TASK BRIEF » Return all the lines below exactly. Any picture among them is omitted.

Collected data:
--- START ---

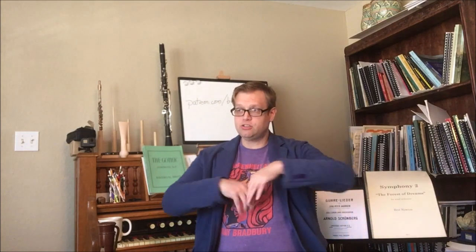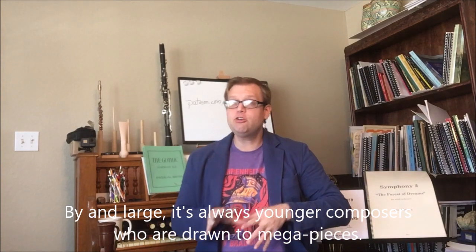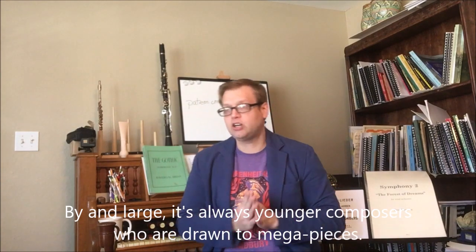This is something that a lot of younger composers don't realize — they want to use the entire ensemble all the time. In doing that, we get ear fatigue. We've got to have that contrast.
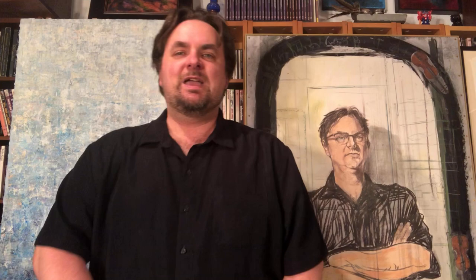Another work is by Catherine Neville, and it's inspired by this lithograph by Henri Fantin Latour. It's called Danse and I'll have this work at the concert as well.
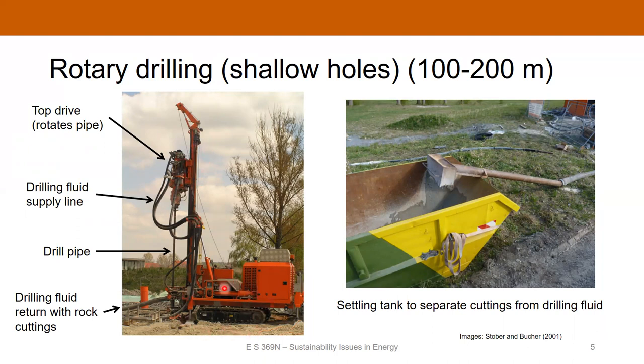It's typically skid-mounted. You've got a top drive up top, which is the engine that turns the drill pipe. There are supply lines that supply the drilling fluid, which is pumped down the inside of the pipe and then comes back up into the return line. The purpose of the drilling fluid is to lubricate the drill downhole, keep the temperature from getting too hot, control the pressure in the well, and remove the cuttings as they come back to the surface.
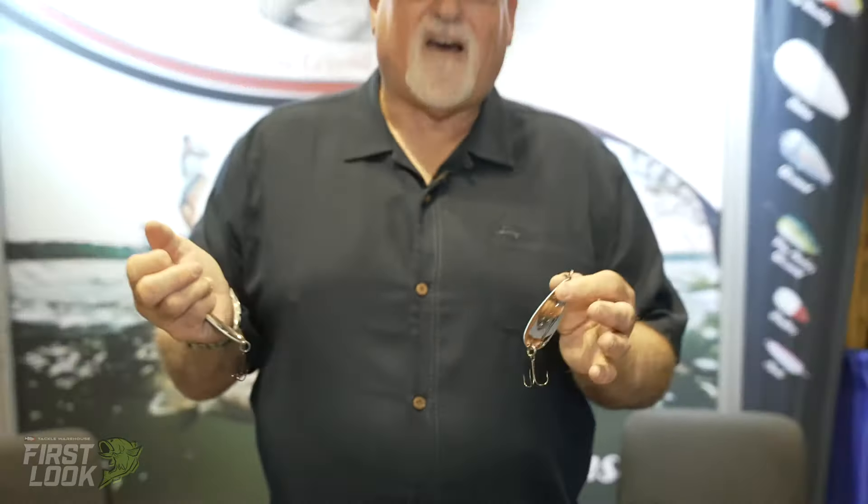These weigh about 1.35 ounces. They cast incredibly well into the wind. They flutter like all other Dixie Jet spoons — they look like a dying gizzard shad. You cast them in the water and they'll just flutter down left and right, looking like an injured shad, and the fish will just come up and engulf it.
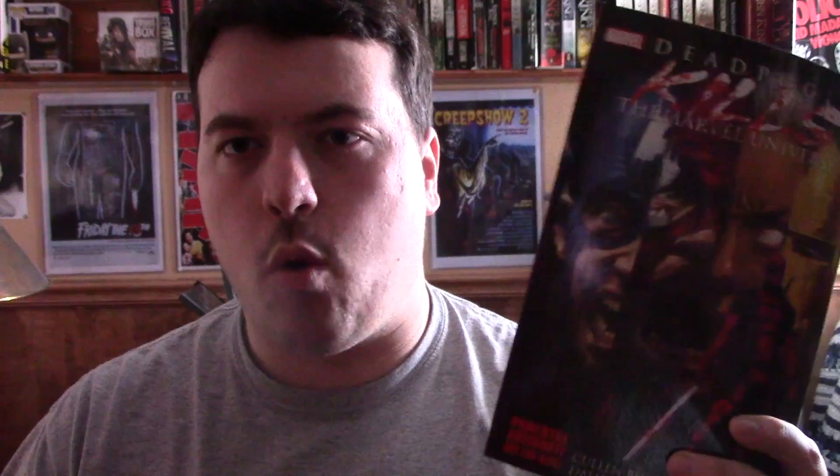This was first published as a four-part comic book series, but later on those four parts were published as one graphic novel.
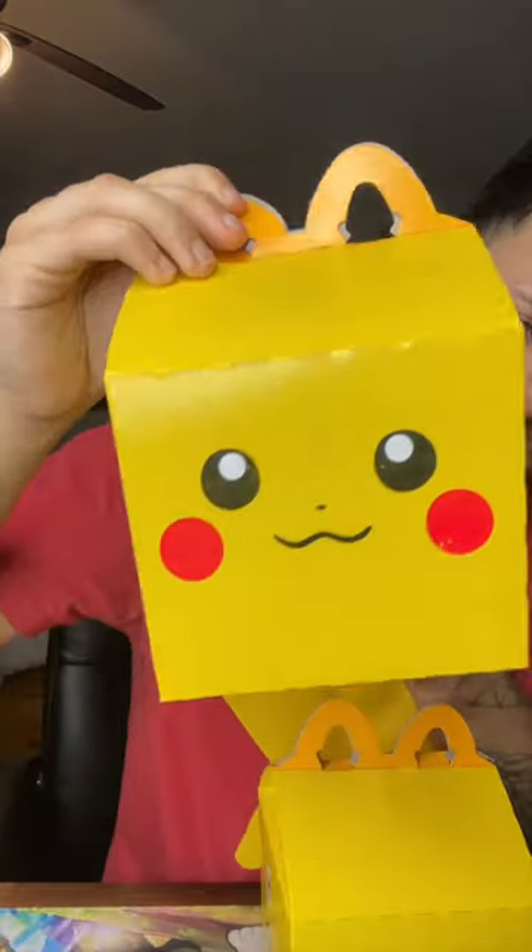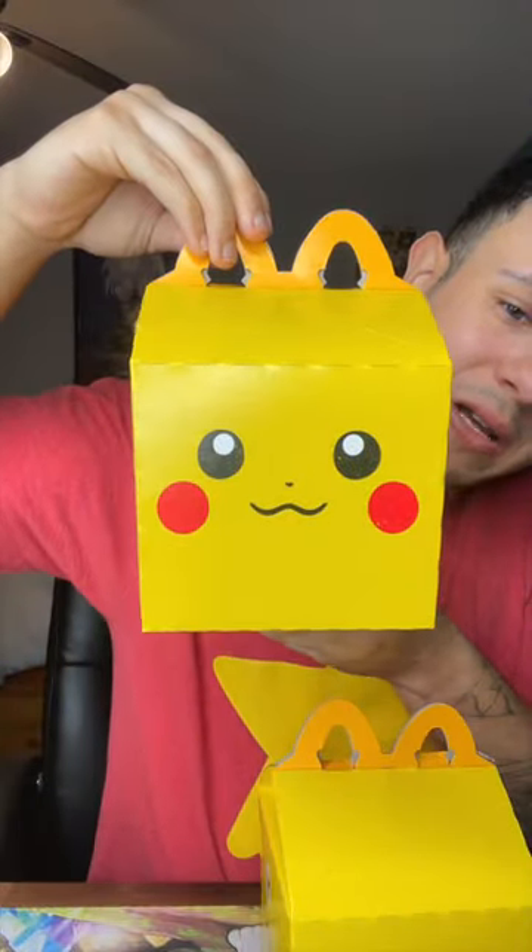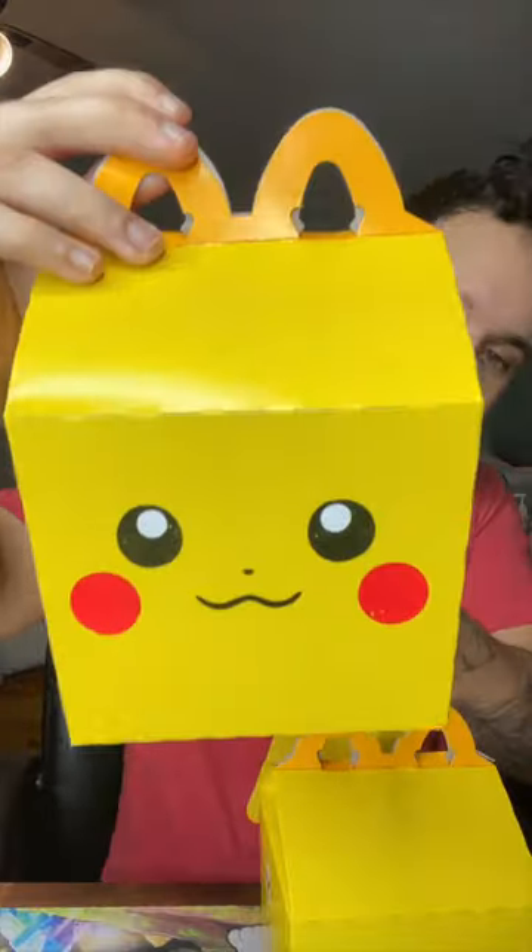First things first, can we appreciate this adorable little Happy Meal design they bring back every time they do a Pokemon collab. So cute, look at Pikachu's little face.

--- END ---

RESULT FOR THIS TASK »
This is something that a lot of younger composers don't realize — they want to use the entire ensemble all the time. In doing that, we get ear fatigue. We've got to have that contrast.
Another work is by Catherine Neville, and it's inspired by this lithograph by Henri Fantin Latour. It's called Danse and I'll have this work at the concert as well.
It's typically skid-mounted. You've got a top drive up top, which is the engine that turns the drill pipe. There are supply lines that supply the drilling fluid, which is pumped down the inside of the pipe and then comes back up into the return line. The purpose of the drilling fluid is to lubricate the drill downhole, keep the temperature from getting too hot, control the pressure in the well, and remove the cuttings as they come back to the surface.
These weigh about 1.35 ounces. They cast incredibly well into the wind. They flutter like all other Dixie Jet spoons — they look like a dying gizzard shad. You cast them in the water and they'll just flutter down left and right, looking like an injured shad, and the fish will just come up and engulf it.
This was first published as a four-part comic book series, but later on those four parts were published as one graphic novel.
First things first, can we appreciate this adorable little Happy Meal design they bring back every time they do a Pokemon collab. So cute, look at Pikachu's little face.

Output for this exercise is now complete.